The board voted 5-2 to spend up to $500,000 to hire an engineering firm to study the feasibility of a shallow tunnel underneath the 100-year-old canal that connects Cedar Lake and Lake of the Isles in Minneapolis.

That decision came after an attorney hired by the board two weeks ago told members that the board has special standing under federal law to prevent federally funded transportation projects from taking or damaging parks and historic sites.

Byron Starns, an attorney in the Minneapolis office of Stinson Leonard Street, said federal rules — known as section 4(f) — require federal transportation officials to determine whether parks will be adversely affected by a project. If there are adverse impacts, and if the route is not the only “feasible and prudent” alternative, the owner of the park can force changes or a different route.

Even if the federal officials determine the impacts are minor — “de minimis” in regulatory speak — the park board would have to sign off to allow the project to proceed as designed.

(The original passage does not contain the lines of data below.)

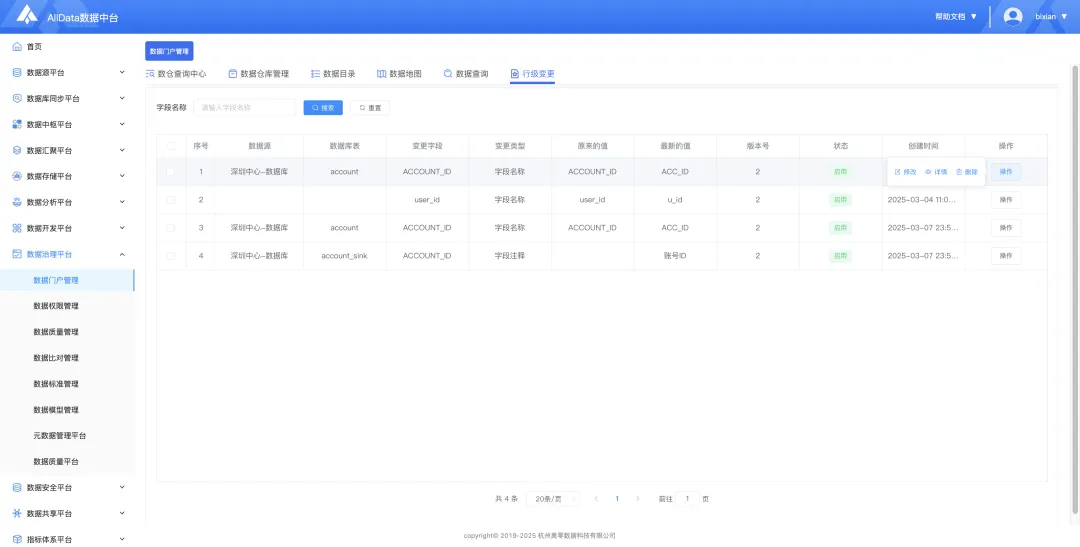 客户真题讲解|趁手好用,AllData搭建数据治理平台,集成开源项目数据模型/门户/标准/权限管理,建设数据资产与治理平台(二)-第12张图片-四季读书网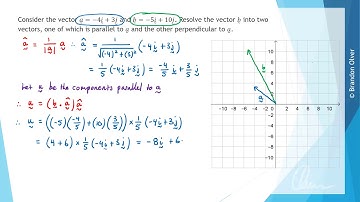 Vector Projections - Ex 1 (SM1-2 Vectors)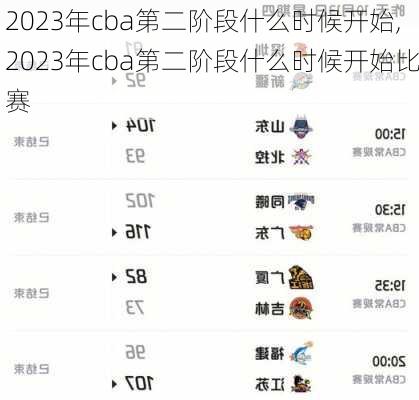 2023年cba第二阶段什么时候开始,2023年cba第二阶段什么时候开始比赛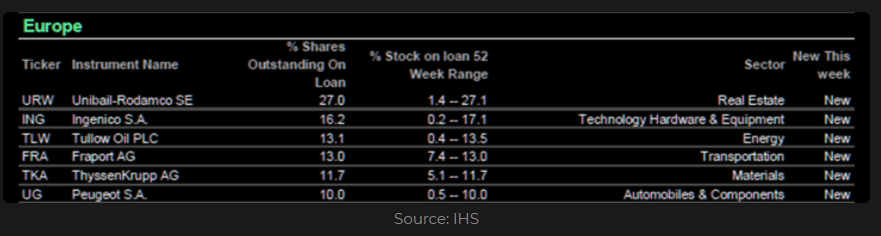 Most shorted EU equity large-caps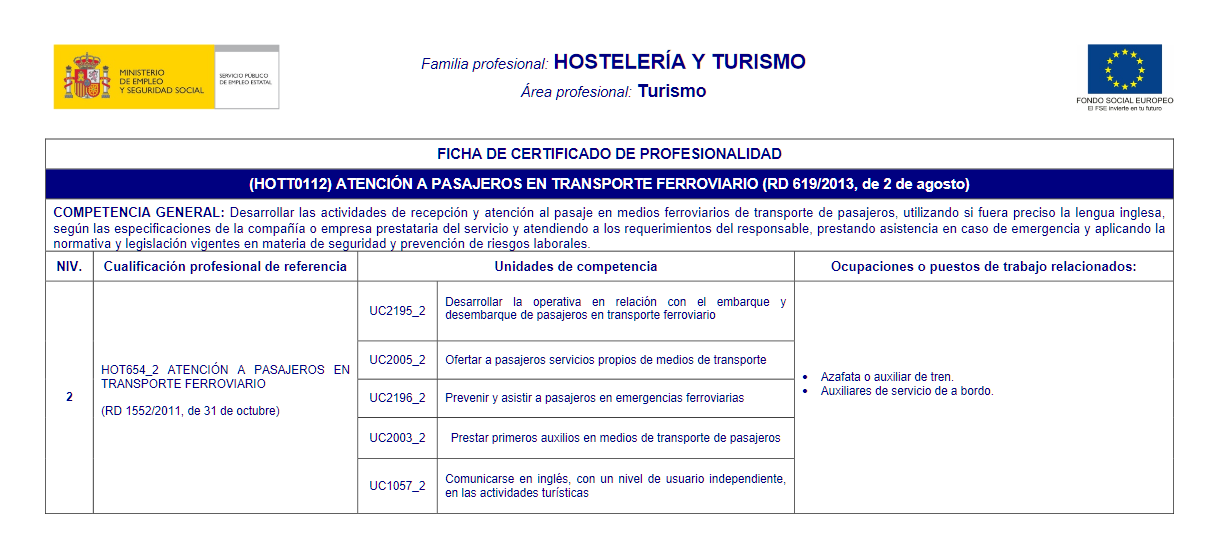 FICHA DE CERTIFICADO DE PROFESIONALIDAD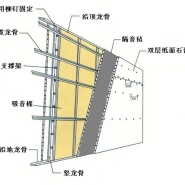 墙面隔音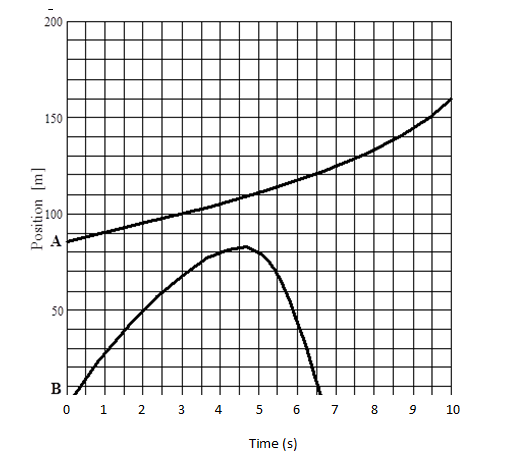 The position vs. time graph below indicates the | Chegg.com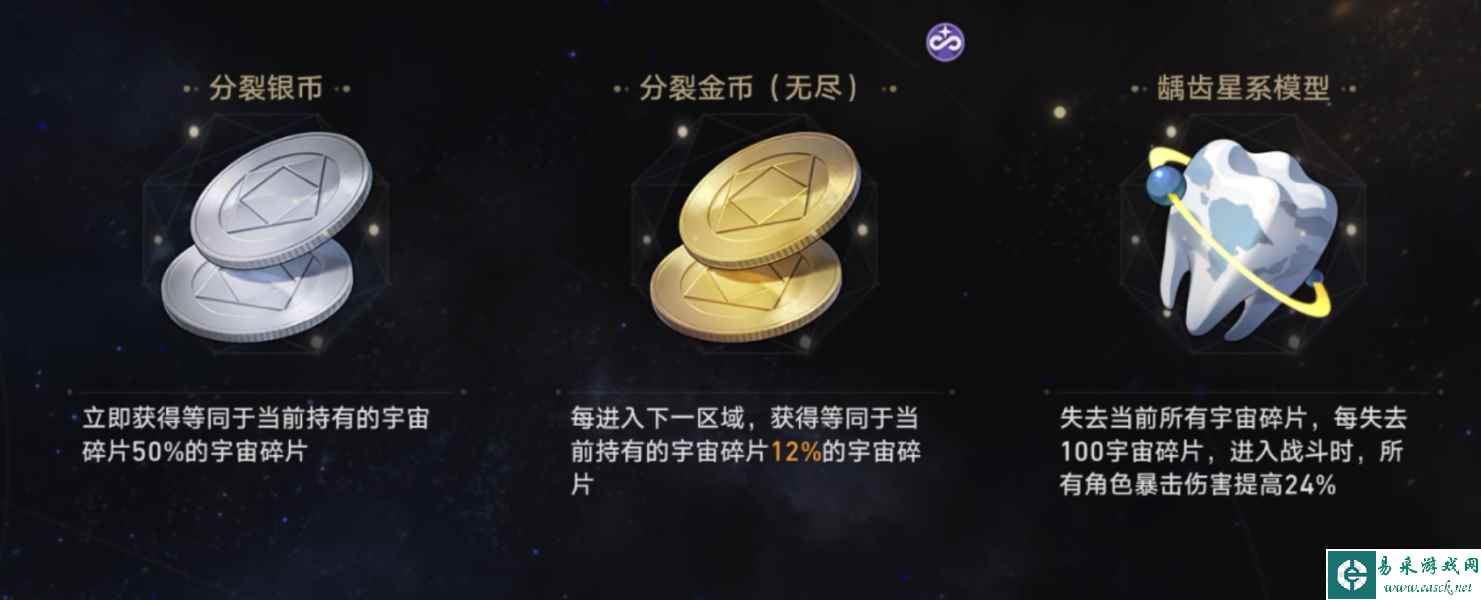 崩坏星穹铁道无尽位面第三位面攻略,崩坏星穹铁道无尽膨胀碎片怎么过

But the impacts of large new bridges and increased train traffic over a channel used by kayaker and canoers are likely to be far from minor, the board resolution stated. Noise is a particular problem, Starns said, given that “a quiet setting is a generally recognize feature or attribute of the site’s significance.”

Starns recommended having detailed engineering analysis in hand before deciding how to proceed, either to push the Met Council to adopt the tunnel — or to be able to show the adverse impacts of the current plans to federal officials.

The park board members supporting the hiring of engineers said they are not trying to stop or reroute the Southwest LRT project, which would extend the Green Line 16 miles, from downtown Minneapolis to Eden Prairie. But they have consistently advocated for a tunnel beneath the channel, and the engineering work was a job the Met Council should have done itself, board members said.

After preliminary studies of the costs and feasibility of the shallow tunnel, however, the Met Council staff instead recommended using new bridges over the channel to accommodate light rail, freight rail and a biking and walking trail. A shallow tunnel is part of the alignment, though only south of the channel, in an especially narrow part of the existing corridor.

The tunnel beneath the channel was estimated to add between $30 million and $50 million to the project, which now has a total budget of $1.64 billion.

Some board members expressed frustration at feeling ignored by the Met Council. “Five hundred thousand dollars is a lot of money for the park board, said board president Liz Wielinski. “It’s a ballfield. It repairs a lot of roofs on our rec centers.

There’s a lot of things we could do with that money. It is very insulting to me to be treated like we don’t count. We do count. We’re elected officials. Unlike the Met Council, I have an election certificate.”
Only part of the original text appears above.